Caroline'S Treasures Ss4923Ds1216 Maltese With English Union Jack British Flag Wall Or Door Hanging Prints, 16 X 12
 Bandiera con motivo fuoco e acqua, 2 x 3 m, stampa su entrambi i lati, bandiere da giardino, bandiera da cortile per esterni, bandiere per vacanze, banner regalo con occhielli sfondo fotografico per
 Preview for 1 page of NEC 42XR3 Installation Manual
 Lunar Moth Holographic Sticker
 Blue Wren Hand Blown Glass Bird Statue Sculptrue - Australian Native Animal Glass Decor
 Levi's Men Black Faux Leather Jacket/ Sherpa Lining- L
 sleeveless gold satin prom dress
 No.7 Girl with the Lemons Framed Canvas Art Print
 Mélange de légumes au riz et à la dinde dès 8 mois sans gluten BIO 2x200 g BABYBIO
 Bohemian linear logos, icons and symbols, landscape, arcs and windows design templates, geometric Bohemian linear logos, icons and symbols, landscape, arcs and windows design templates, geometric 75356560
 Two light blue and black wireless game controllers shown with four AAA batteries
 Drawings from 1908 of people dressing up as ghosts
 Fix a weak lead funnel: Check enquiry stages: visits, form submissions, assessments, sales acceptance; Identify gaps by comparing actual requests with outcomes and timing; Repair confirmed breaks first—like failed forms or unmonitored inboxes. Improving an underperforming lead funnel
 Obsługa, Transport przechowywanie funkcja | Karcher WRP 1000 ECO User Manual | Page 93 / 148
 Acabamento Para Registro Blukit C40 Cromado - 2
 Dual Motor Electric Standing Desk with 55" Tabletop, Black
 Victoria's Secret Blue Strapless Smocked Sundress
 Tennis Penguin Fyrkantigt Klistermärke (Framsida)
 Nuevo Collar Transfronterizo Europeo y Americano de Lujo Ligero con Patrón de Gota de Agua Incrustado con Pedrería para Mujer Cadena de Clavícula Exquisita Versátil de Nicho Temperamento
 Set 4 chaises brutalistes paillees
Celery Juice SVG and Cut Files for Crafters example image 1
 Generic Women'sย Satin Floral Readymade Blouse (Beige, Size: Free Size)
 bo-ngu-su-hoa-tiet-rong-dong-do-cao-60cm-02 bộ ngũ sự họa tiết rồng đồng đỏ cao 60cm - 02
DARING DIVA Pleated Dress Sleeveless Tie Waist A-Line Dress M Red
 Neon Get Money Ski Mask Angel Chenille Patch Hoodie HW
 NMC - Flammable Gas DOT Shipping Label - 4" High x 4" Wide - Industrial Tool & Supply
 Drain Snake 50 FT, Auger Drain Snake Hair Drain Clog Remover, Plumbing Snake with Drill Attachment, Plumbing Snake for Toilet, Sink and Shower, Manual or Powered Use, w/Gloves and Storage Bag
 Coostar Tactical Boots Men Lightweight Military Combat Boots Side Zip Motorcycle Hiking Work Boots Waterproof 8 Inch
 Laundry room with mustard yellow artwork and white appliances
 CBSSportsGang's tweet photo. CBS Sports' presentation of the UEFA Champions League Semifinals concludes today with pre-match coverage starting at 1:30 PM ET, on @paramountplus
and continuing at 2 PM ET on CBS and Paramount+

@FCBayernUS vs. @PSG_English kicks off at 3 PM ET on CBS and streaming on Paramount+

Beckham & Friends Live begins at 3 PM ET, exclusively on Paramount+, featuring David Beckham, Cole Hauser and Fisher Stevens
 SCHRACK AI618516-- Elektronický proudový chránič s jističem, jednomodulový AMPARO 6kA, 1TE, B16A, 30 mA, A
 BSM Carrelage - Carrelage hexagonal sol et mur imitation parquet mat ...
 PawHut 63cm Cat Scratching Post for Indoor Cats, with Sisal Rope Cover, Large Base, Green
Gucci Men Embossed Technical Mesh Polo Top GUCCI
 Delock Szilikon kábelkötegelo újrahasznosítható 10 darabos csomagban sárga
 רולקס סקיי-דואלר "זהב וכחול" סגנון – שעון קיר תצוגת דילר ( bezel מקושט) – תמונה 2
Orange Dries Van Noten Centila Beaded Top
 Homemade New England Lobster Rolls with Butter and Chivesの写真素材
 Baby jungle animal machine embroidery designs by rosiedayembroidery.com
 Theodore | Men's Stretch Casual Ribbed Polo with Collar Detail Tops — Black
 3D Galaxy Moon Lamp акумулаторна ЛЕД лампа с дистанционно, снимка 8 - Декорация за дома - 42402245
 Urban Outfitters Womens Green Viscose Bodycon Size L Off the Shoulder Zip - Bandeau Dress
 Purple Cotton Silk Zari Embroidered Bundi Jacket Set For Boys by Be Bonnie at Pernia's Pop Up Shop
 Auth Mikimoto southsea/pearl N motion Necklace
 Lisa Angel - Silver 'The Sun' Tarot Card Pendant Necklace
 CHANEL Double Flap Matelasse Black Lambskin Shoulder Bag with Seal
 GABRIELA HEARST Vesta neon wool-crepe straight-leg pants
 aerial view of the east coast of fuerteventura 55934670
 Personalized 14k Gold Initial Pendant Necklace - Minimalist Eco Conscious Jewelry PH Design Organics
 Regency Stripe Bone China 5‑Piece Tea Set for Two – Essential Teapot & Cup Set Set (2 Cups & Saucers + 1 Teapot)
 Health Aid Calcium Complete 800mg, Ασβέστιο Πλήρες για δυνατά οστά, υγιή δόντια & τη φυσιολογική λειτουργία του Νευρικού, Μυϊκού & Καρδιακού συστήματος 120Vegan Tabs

▶ _Work required_:
Search the records for the word "Necklace" and return every line that holds it.

▶ _Task result_:
 Auth Mikimoto southsea/pearl N motion Necklace
 Lisa Angel - Silver 'The Sun' Tarot Card Pendant Necklace
 Personalized 14k Gold Initial Pendant Necklace - Minimalist Eco Conscious Jewelry PH Design Organics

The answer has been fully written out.